Yet can the Parson’s sermon seem anything other than just another genre? In a work which has anthologized genres – we have already read beast fables, saint’s lives, fabliaux, Breton lays, and all manner of other stories – and problematised them, drawing attention to their speaker’s voice as something (as the Pardoner points out) ventriloquized, can we really be expected to take the Parson’s voice seriously?
Critics disagree wildly about the answer to this question. The same problem applies to Chaucer’s retraction – which, as in the Man of Law’s prologue, blurs the line between the Chaucer writing the Tales (who has also written the Book of the Duchess, Troilus and Criseyde, and so on) and the fictional Chaucer who is a character within the pilgrimage. Is the Chaucer who writes these tales just another constructed voice?
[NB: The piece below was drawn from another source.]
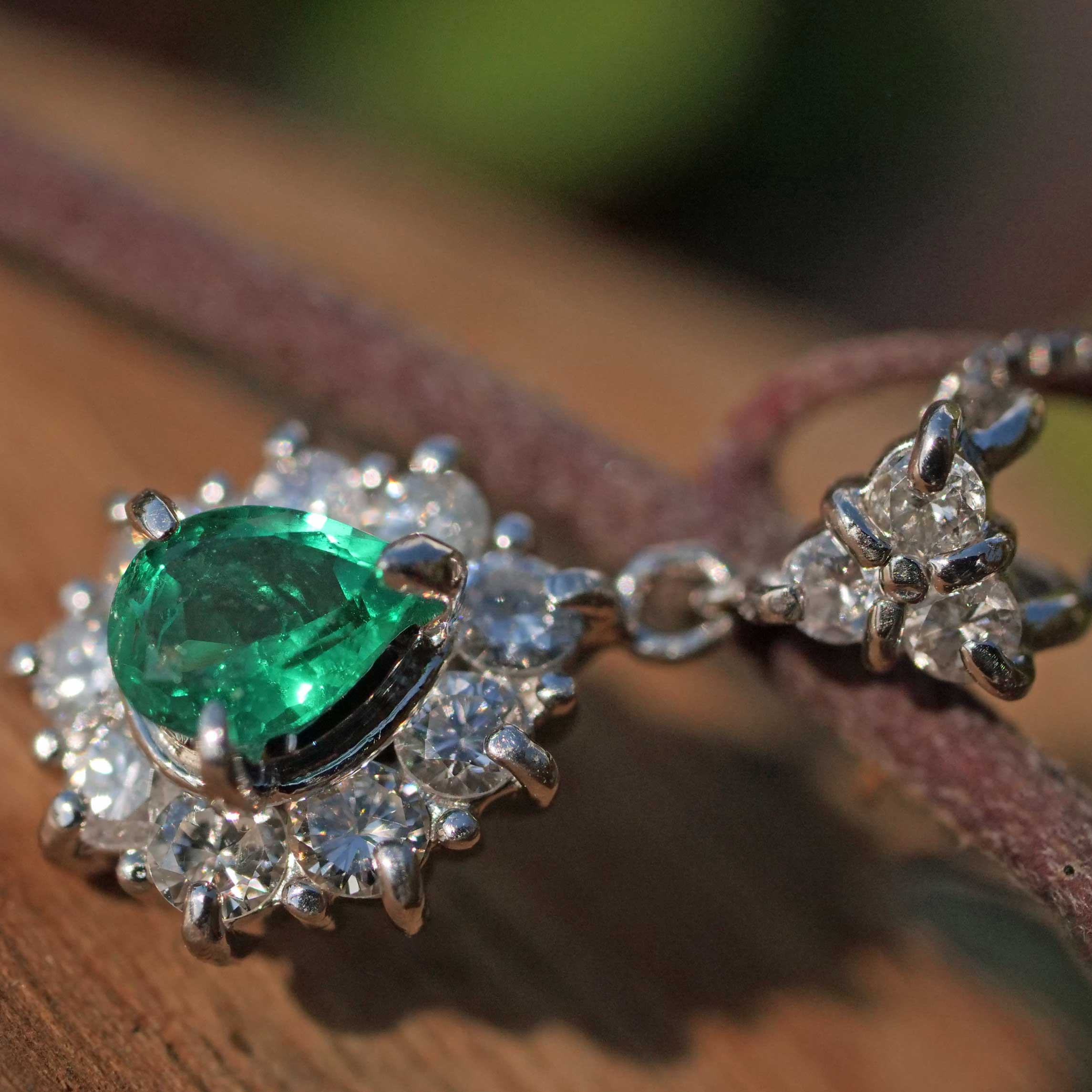 Vivid Green Smaragd Brillant Collier  900er Platin 0.33 ct 0.54 ct Kolumbien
Or, perhaps, is the Retraction of the tales a genuine one? Chaucer, in this theory, genuinely was dying and was unable to finish the work – or for some reason, felt the need to immediately retract it, as he genuinely believed that it did come too close to sin. Thus, before the Host’s plan was complete, he concluded the tale with a pious sermon and then a Retraction: no-one could therefore accuse the Tales of being unchristian. Is it a death-bed confession?
A Retraction is a fairly usual way for a medieval work to end, and perhaps that points us to the aforementioned effect: its very normality is perhaps a clue that Chaucer’s intention is not pure and simple. For it could be read simply as another “funny voice” – the voice of the Chaucer who told Sir Thopas: could be read as comedy rather than penance. Moreover, as E.T. Donaldson has firmly stated, the use of the Parson’s Tale as an interpretative key to unlock the whole of the Tales is problematic, particularly when you consider the deliberate religious provocation of tales like the Miller’s, the Wife of Bath’s and the Merchant’s. The tales by no means seem to be written to a purely Christian agenda - though Christianity is undoubtedly a key theme.
End-points in Chaucer are difficult to definitively interpret, and perhaps this dichotomy was intended by Chaucer himself. Perhaps this ending is simply one way of closing down the Tales – the Manciple’s tale, of course, has been only the most recent in a line of tales which reiterate the advice of these final fragments to hold one’s peace, and know when to fall silent. Is this Chaucer, on an imaginary, real or literary deathbed, punningly, holding his peace, but also being “at peace”? One thing is for sure: understanding the ending of the Tales seems a fitting encapsulation of the complex problem of interpreting the work as a whole.